Material provided |
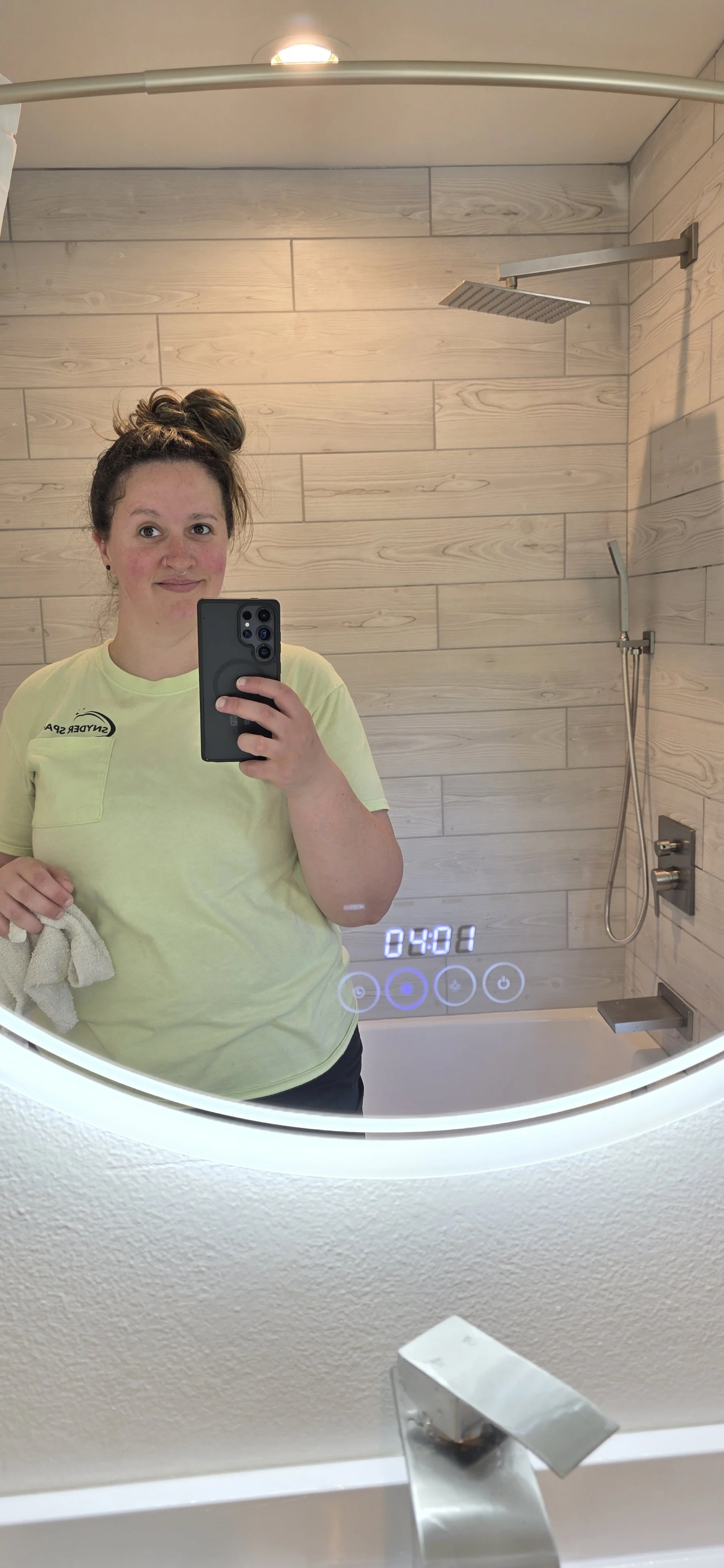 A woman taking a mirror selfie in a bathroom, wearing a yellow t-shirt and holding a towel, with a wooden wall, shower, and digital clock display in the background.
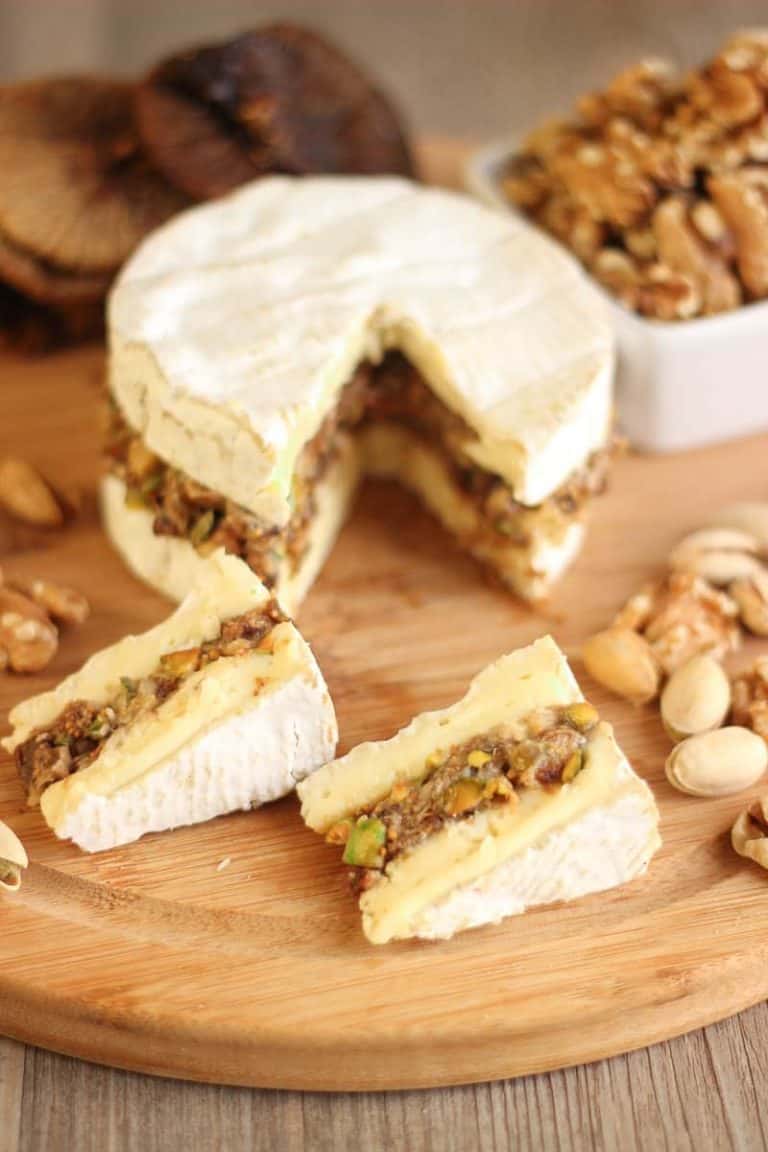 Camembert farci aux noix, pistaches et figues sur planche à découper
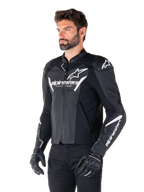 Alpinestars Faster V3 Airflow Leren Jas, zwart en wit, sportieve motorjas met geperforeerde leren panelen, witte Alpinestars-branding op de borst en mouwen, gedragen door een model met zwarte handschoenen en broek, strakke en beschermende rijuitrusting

Brief | Could you give the listing again exactly, minus its pictures?

Result of this task |
 A woman taking a mirror selfie in a bathroom, wearing a yellow t-shirt and holding a towel, with a wooden wall, shower, and digital clock display in the background.
 Camembert farci aux noix, pistaches et figues sur planche à découper
 Alpinestars Faster V3 Airflow Leren Jas, zwart en wit, sportieve motorjas met geperforeerde leren panelen, witte Alpinestars-branding op de borst en mouwen, gedragen door een model met zwarte handschoenen en broek, strakke en beschermende rijuitrusting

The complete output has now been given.